沖縄では、柔術技法(投げ技・関節技等)のことを取手(とりて、方言でトゥイティー)と呼ぶ。

さて、真境名安興・ 島倉竜治共著『沖縄一千年史』(大正12年)に「唐手の起源」という節があり、そこに以下の文章がある。

(唐手は)柔術の我邦に伝来せしと同時代なりと断定するものもあれども、柔術は和事始などに陳元贇より始まるといへるは妄断なりとの説ありて、元贇の来邦は万治二年のことなるも、慶長の頃にはトリテ、ヰアイなど流行し、トリテは即ちヤワラにてヰアイは大刀抜きわざなどゝあるを見れば、未だ判明せざるが如し。

<中略>

珍書文庫随筆大観(巻四)に、日本拳法柔術は正保年中陳元贇の、西久保国正寺に於て伝授せるを始とす。此術を学びて道を尽せる者は福野七郎左衛門、三浦与次右衛門、磯貝次郎左衛門の三人にて皆薩摩の人なり。元贇は明の虎林の人にて号を既白山人といふ。乱をさけて日本に来り尾州に客たり。万暦崇禎年間の人にて我が万治の頃なりとあれば、倘(も)し沖縄の唐手が之に倣ひしものとすれば、蓋し薩摩を経て入りしものならんか。沖縄近代の武術家糸洲安通〈ママ〉翁も、唐手は陳元贇の伝へしものなりと言へば、記して後考を俟つ。

350-353頁。
『沖縄一千年史』

上記の文章は文語で書かれており、内容も専門的なので難しいが真境名等が言いたいことは以下の通りである。

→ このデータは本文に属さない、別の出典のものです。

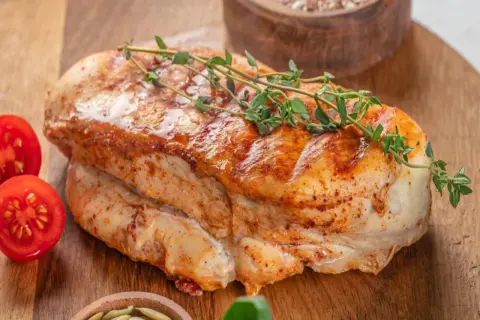 Soczysty, pieczony filet z indyka z gałązką tymianku i pomidorkami koktajlowymi na drewnianej desce.
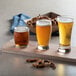 A wooden board with Acopa beer tasting glasses of beer and pretzels.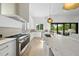 Bright kitchen with stainless steel range, marble countertops and large island with barstool seating at 712 Daniels St, Raleigh, NC 27605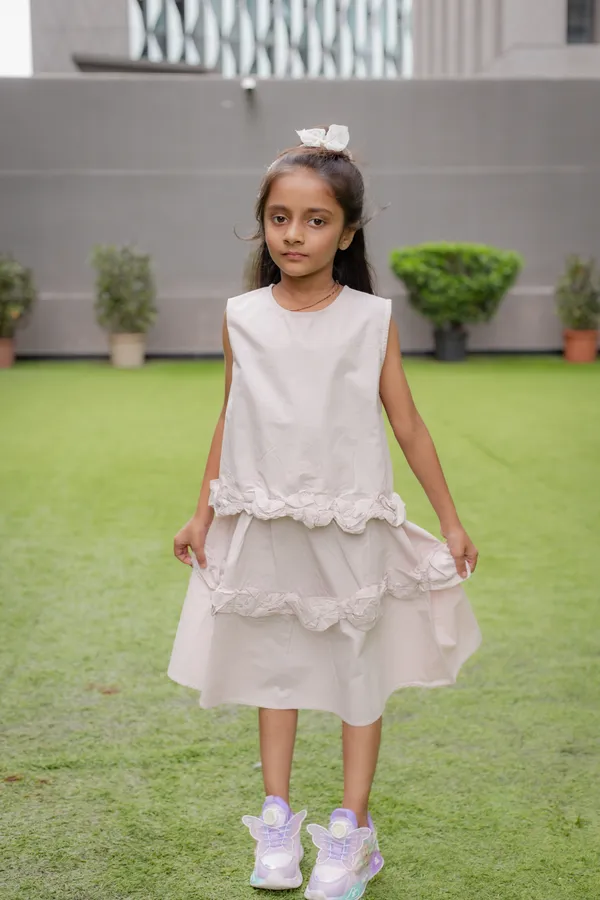 Ivory_Premium_Cotton_Sleeveless_Ruffle_Layered_Dress_For_Girls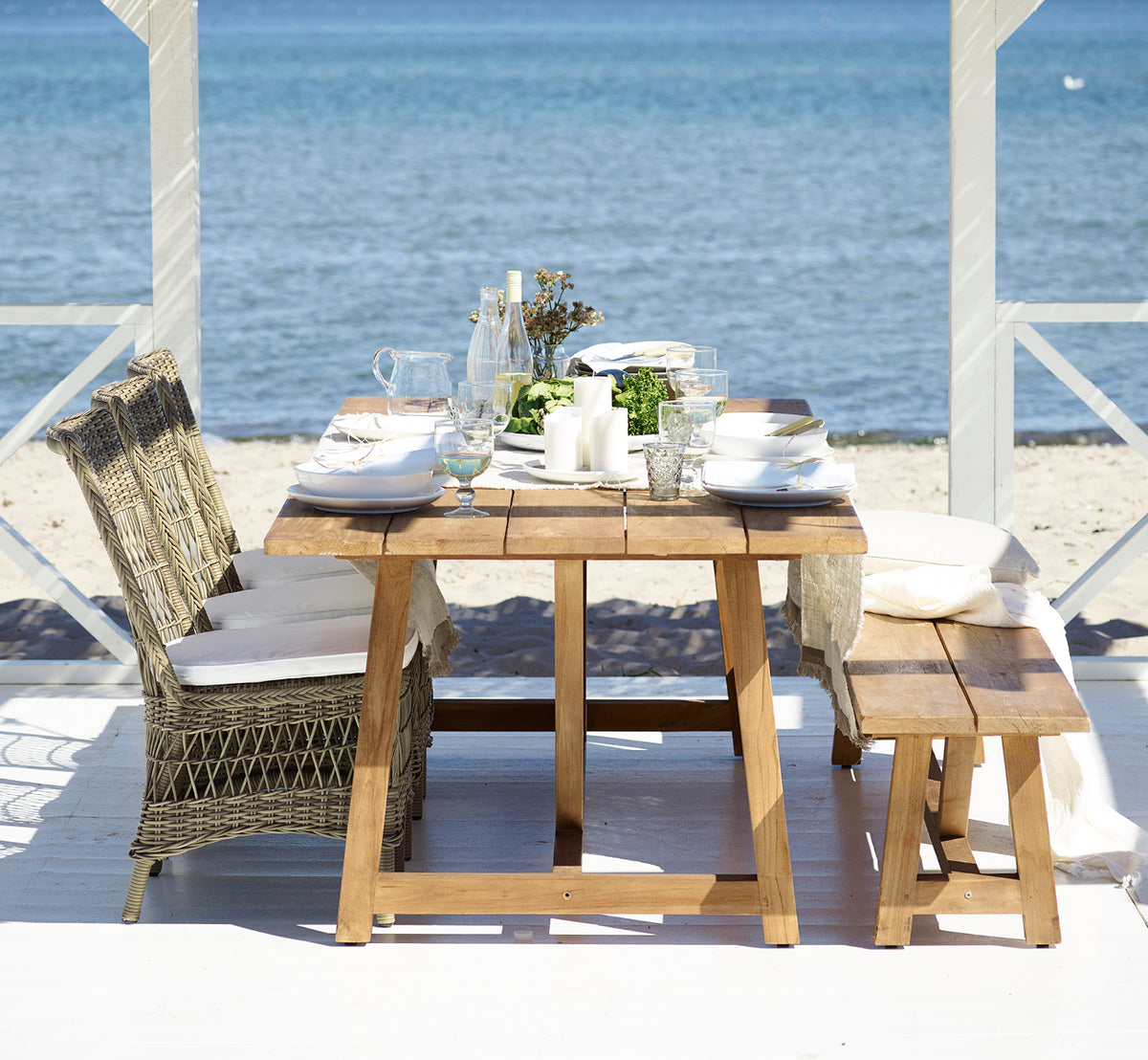 Esta es una imagen de estilo de vida de Marie Exterior Side Chair i antique grey artfibre aluminium. Junto a una mesa de teca en un pabellón junto al mar.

沖縄の唐手(からて)の起源は日本への柔術の伝来と同時期という説がある。貝原好古(1664-1700)の『大和事始』には、柔術の起源は明の陳元贇(ちんげんぴん)から始まるとあるが、これは誤りだとする説もある。陳元贇が日本に来たのは万治2(1659)年であるが、それ以前の慶長年間(1596-1615)にすでに「トリテ」の名称で柔術は流行していたからである。それゆえ、柔術の起源が陳元贇に始まるかは判然としない。
<中略>
『珍書文庫:随筆大観』(明治43-44年)によると、柔術の起源は陳元贇が正保年間(1645-48)に江戸の西久保(現・東京都港区)の国正寺(国昌寺)で伝授したのが始まりである。柔術を学んだ者は、福野七郎左衛門、三浦与次右衛門、磯貝次郎左衛門の3名で、皆薩摩の出身である。もし沖縄の唐手の起源が柔術であるなら、薩摩を経由して伝来したものであろうか。糸洲安恒も唐手は陳元贇が伝えたものである、と言っている。

上記の文章では様々な主張が展開されており、中には空手史を研究している人でも初めて聞く説があるだろう。もう少し整理すると、以下の要点が述べられている。

・唐手(空手)の起源は陳元贇が伝えた柔術と同時代、つまり17世紀半ばである。
・しかし、柔術は慶長時代にすでに「トリテ」の名称で流行していた。
・これが事実なら、トリテとはヤワラ(柔術)より歴史の古い呼称であり、慶長時代まで遡る。
・唐手は柔術が薩摩を経由して沖縄に伝来した可能性がある。糸洲安恒もこの説を唱えている。

ちなみに、陳元贇は柔術を伝授したのではなく、ただ中国武術の話を3人に聞かせただけだという説もある。またこの3人も薩摩以外の地域の出身だったとする説がある。

糸洲先生は、いわゆる『糸洲十訓』では、唐手の起源は中国の昭林流と昭霊流が琉球に伝来したものであると述べていた。すると、上記と矛盾するが、真境名等には柔術起源説を語っていたとすると、唐手の起源についていくつかの可能性を考えていたということかもしれない。

いずれにしろ、従来、唐手への日本武術の影響は軽視されてきたが、糸洲先生は一応柔術が起源の可能性も考えていたということである。

出典:
「空手の起源は柔術?」(アメブロ、2016年3月6日)。